§ WHAT IS EXPECTED
Reproduce the data below word for word, setting aside any picture it holds.

-------- GIVEN MATERIAL

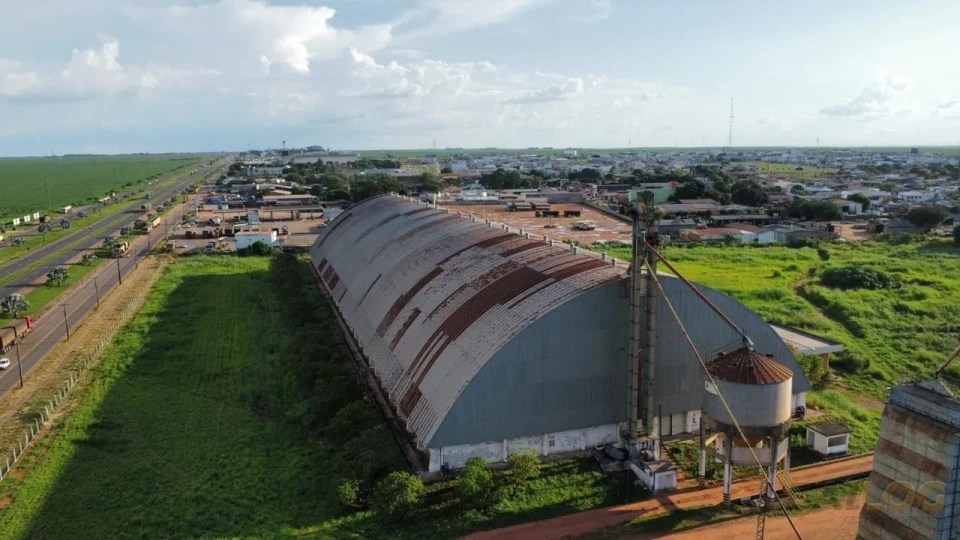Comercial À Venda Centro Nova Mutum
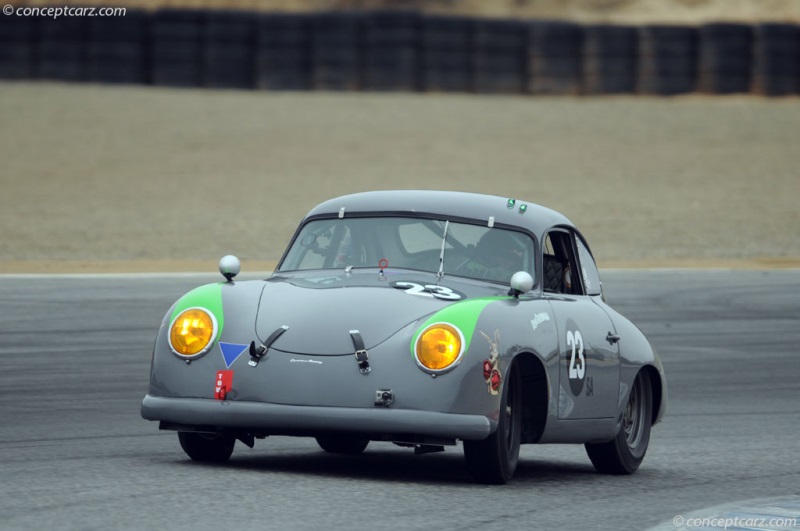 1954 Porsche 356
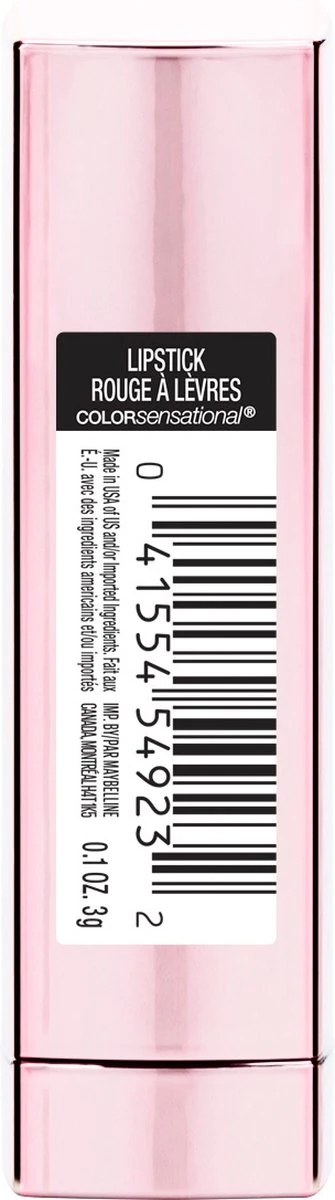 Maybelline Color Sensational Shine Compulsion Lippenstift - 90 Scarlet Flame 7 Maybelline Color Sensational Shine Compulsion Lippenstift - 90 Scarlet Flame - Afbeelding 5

----------------

§ OUTPUT BELOW
Comercial À Venda Centro Nova Mutum
 1954 Porsche 356
 Maybelline Color Sensational Shine Compulsion Lippenstift - 90 Scarlet Flame 7 Maybelline Color Sensational Shine Compulsion Lippenstift - 90 Scarlet Flame - Afbeelding 5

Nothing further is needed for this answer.